By Helen Yuan and Xiao Yu
March 30 (Bloomberg) -- Aluminum Corp. of China Ltd., the nation’s biggest maker of the metal, will cut capital spending by at least 34 percent this year to 13 billion yuan ($1.9 billion) after forecasting a first-quarter loss as demand slides.
The Beijing-based company will also tighten mergers and acquisitions in domestic and overseas markets, as well as suspend planned projects to “cope with current difficulties,” President Luo Jianchuan told reporters today in Shanghai.
Chalco yesterday forecast a first-quarter loss, after posting a 99.9 percent profit drop in 2008, because of lower aluminum prices and slumping demand. The company expects demand for the metal to pick up in the second half as China spends 4 trillion yuan in a stimulus package to reach economic growth of 8 percent this year.
“Cutting costs and spending should be the most effective way to improve earnings,” said Barry He, a Hong Kong-based analyst with Morgan Stanley today. “It’s not a good time for mergers and acquisitions because the whole industry is unprofitable.”
Chalco slumped 12 percent, the biggest decline since Nov. 6, to close at HK$4.56, in Hong Kong trading. The benchmark Hang Seng Index dropped 4.7 percent. The stock fell 3.8 percent to close at 10.49 yuan in Shanghai.

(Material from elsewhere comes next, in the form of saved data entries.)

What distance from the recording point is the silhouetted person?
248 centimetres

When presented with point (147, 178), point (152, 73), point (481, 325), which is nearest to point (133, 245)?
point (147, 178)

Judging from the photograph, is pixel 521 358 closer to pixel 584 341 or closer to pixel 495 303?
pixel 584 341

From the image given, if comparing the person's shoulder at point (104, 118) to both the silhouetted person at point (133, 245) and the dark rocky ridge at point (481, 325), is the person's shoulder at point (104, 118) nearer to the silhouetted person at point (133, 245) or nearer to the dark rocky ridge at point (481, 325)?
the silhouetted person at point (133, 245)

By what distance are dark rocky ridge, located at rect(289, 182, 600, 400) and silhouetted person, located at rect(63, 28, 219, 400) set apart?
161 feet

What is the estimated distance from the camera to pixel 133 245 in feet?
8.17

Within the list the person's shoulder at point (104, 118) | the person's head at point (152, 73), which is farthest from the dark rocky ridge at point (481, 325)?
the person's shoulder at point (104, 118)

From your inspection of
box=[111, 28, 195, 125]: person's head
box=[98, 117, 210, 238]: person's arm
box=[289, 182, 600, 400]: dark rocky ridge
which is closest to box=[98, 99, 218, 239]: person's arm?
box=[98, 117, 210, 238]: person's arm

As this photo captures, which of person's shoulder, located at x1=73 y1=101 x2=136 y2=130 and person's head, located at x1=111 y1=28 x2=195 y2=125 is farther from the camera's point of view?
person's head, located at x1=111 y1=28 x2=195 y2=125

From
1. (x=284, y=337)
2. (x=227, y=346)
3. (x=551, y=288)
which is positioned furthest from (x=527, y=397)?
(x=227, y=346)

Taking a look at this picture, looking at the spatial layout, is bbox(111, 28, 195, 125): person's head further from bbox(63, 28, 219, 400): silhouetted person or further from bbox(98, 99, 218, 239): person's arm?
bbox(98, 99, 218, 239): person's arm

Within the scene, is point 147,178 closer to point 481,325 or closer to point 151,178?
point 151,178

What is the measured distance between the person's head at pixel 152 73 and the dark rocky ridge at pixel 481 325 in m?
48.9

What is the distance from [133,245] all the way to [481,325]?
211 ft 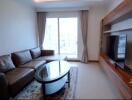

Aluminum futures have gained 10 percent this year in Shanghai after tumbling 35 percent in 2008. Prices rose after the nation’s stimulus package started to take effect and because of “seasonal” domestic demand, Luo said.
“Aluminum prices have hit bottom in the first two months,” Luo said. “We’re confident about this year’s earnings,” he said without elaborating.
Output Cut
Chalco has reduced alumina production by 40 percent of capacity and aluminum output by 24 percent, Luo said. The company may improve capacity utilization when the market recovers in the second half of this year, he said. Local prices may stay between 13,000 yuan and 14,000 yuan a ton, he said.
“We will use up our high-cost inventories in the first quarter,” Chief Financial Officer Joshua Chen Jihua said at the same conference. The value of the company’s stockpiles depreciated by 1 billion yuan at the end of 2008, he said.
Demand for the metal, used in window frames and planes, may post the slowest gain since 1997, Beijing Antaike Information Development Co. said Nov. 12.
“It’s too early to say aluminum prices have bottomed,” said Sabrina Xie, a Shenzhen-based analyst at Guotai Junan Securities Co.
China’s State Reserve Bureau has bought 580,000 tons of aluminum in January and February to help reduce smelters’ inventories and boost prices. That’s equal to half of China’s monthly output. The purchase may reach a total 1 million tons this year, Macquarie Group said.
The State Reserve’s aluminum purchase is “still too little”, Luo said.